WEST LAFAYETTE – West Lafayette-based Hasler Ventures LLC is working to scale up a Purdue University patented technology that may accelerate the volume of waste plastic recycling. The innovation is called Low-Pressure Hydrothermal Processing. Hasler Ventures says the technique promises an economically viable and environmentally safe way to convert plastic into gasoline, diesel fuel.
In an interview with Inside INdiana Business, Chief Executive Officer Dan Hasler said the technology will be a viable way to recycle plastic into higher value products.
The technology was developed by Linda Wang, a professor in the Davidson School of Chemical Engineering, and the research was published in a 2021 issue of the peer-reviewed journal Fuel.

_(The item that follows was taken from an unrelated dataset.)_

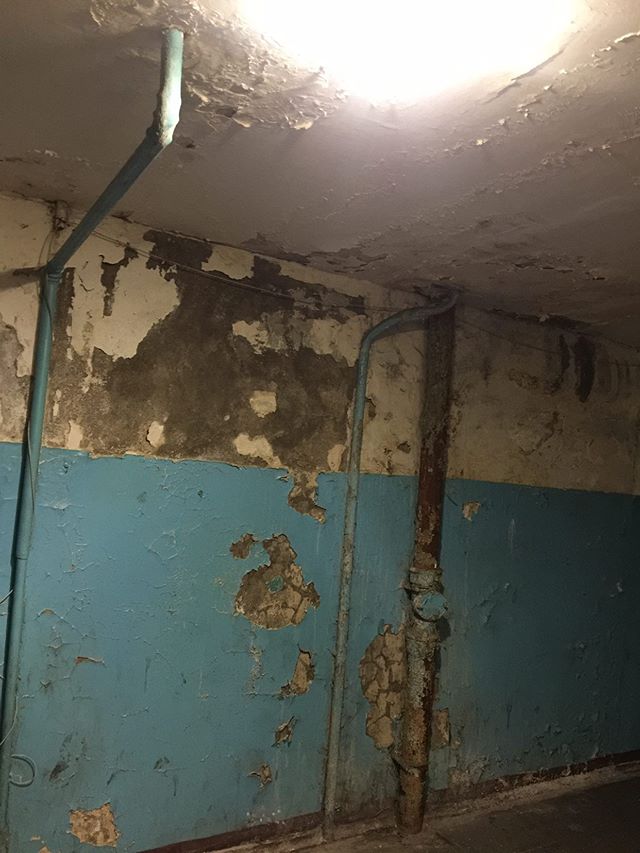 Омичка показала ужасы своего подъезда Омичка показала ужасы своего подъезда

“Its basically a pressure cooker,” says Hasler. “The technology that Linda and Purdue have developed basically allows for a process that using less energy and a lower temperature with pressure allows you to be able to render this plastic down to its core elements using a lot less pressure.”
Hasler says the amount of pressure and heat required with previous technologies made the process economically unviable.

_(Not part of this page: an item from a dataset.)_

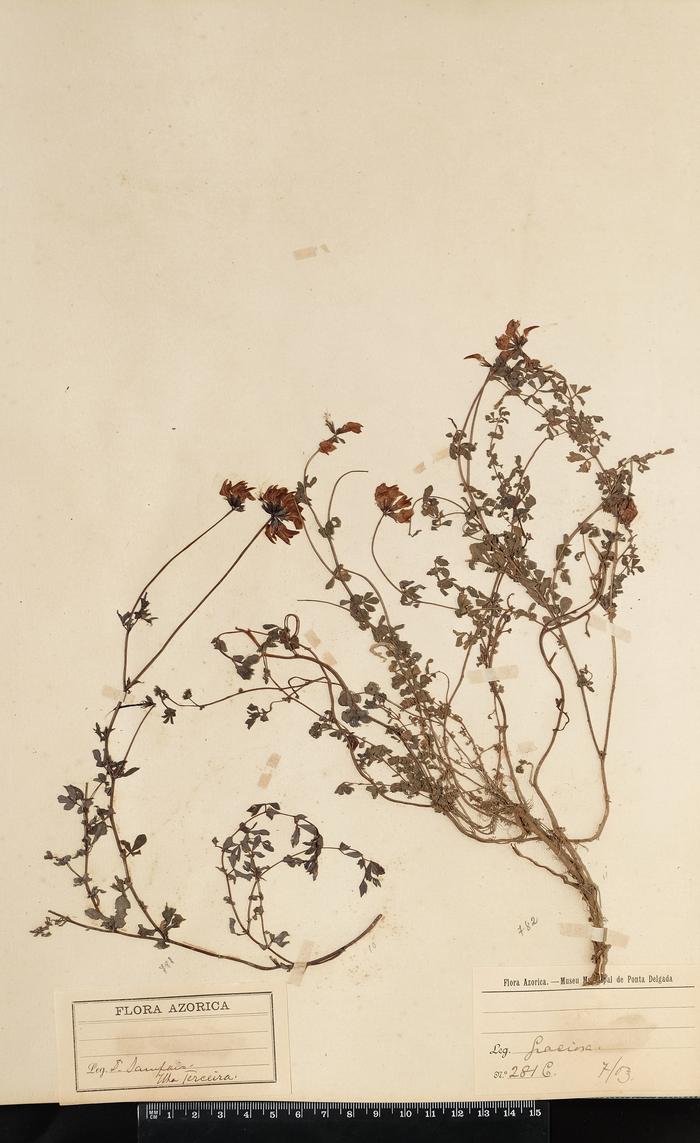 Lotus pedunculatus Cav.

“The key to solving this problem is to make it economically more attractive to collect and process the plastic waste stream into higher-value products at a significantly lower conversion cost,” said Hasler. “Current methods including incineration, pyrolysis and mechanical recycling have all proven to be ineffective or too costly, both financially and environmentally. They have not been able to draw the required private investment at a scale sufficient to divert the vast majority of the global 350 million tons of plastic waste produced annually from the landfill.”
Hasler says the world is trying to recycle plastics, its just not doing it very efficiently.

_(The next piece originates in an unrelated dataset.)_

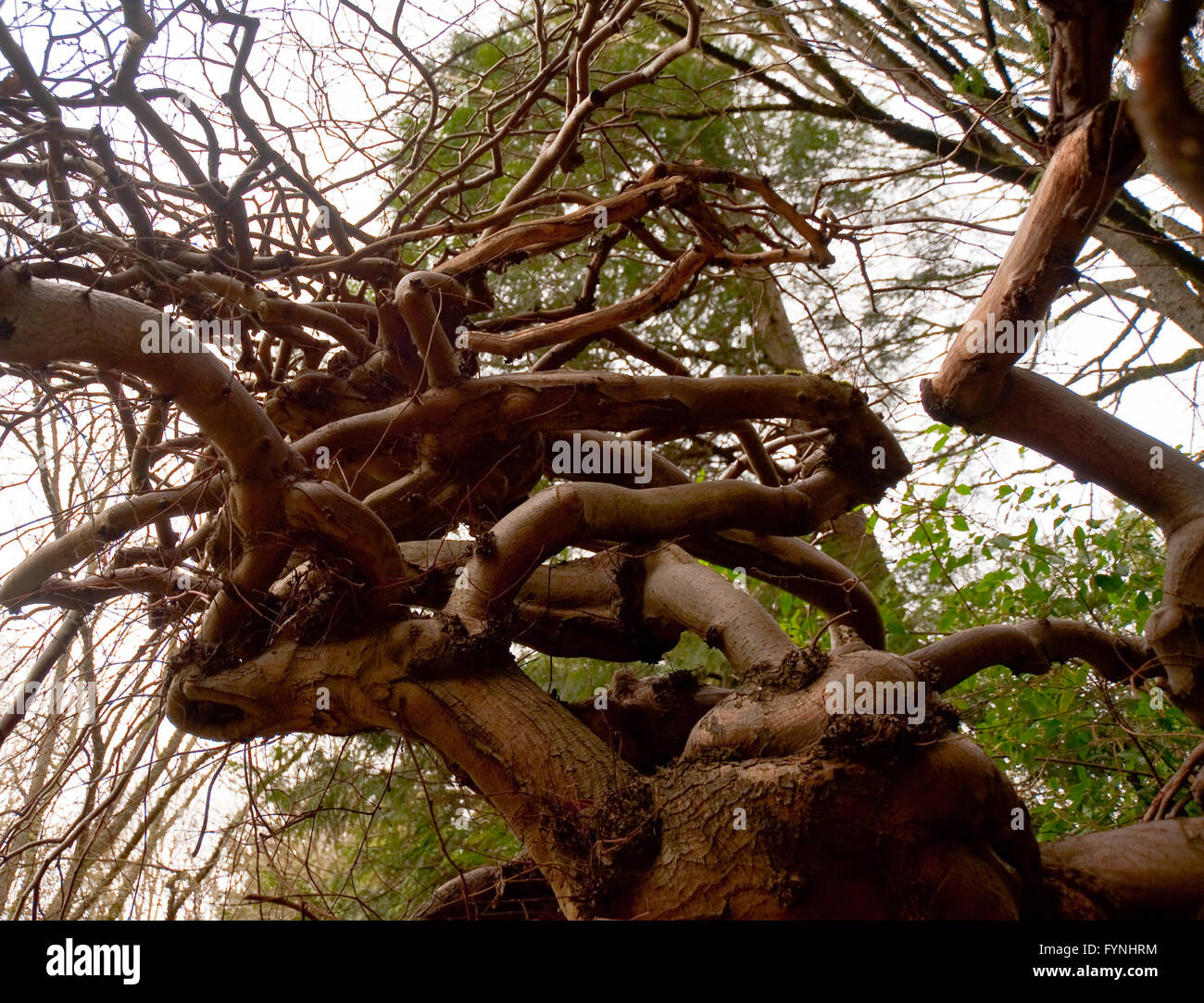 Tree with zigzag branches Stock Photo Alamy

“A very small percentage of plastics that are delivered to us actually gets recycled and reused,” he said. “A large amount of it simply gets recycled by melting it down and molding it into something else like a lawn chair or deck siding, etc. Which is fine and great, its just that the value-add, the economics associated with doing that, aren’t great enough to encourage mass collection of plastic for its purpose.”
According to Hasler, the first order of business is to demonstrate the technology outside of the laboratory and in commercial volumes.
“What were hoping to do is demonstrate that this process makes it worth someone’s while to not just accept plastic at their doorstep but actually go find it and pay people for their plastic because I can turn it into something much more valuable, thereby, keeping it out of the landfills and oceans,” said Hasler.
Hasler Ventures is collaborating with American Resources Corp. (Nasdaq: AREC) to use its Indiana-based chromatography pilot plant, currently in development, to demonstrate the technology.
Hasler says he hopes to be using the technology at commercial volumes in four to five years.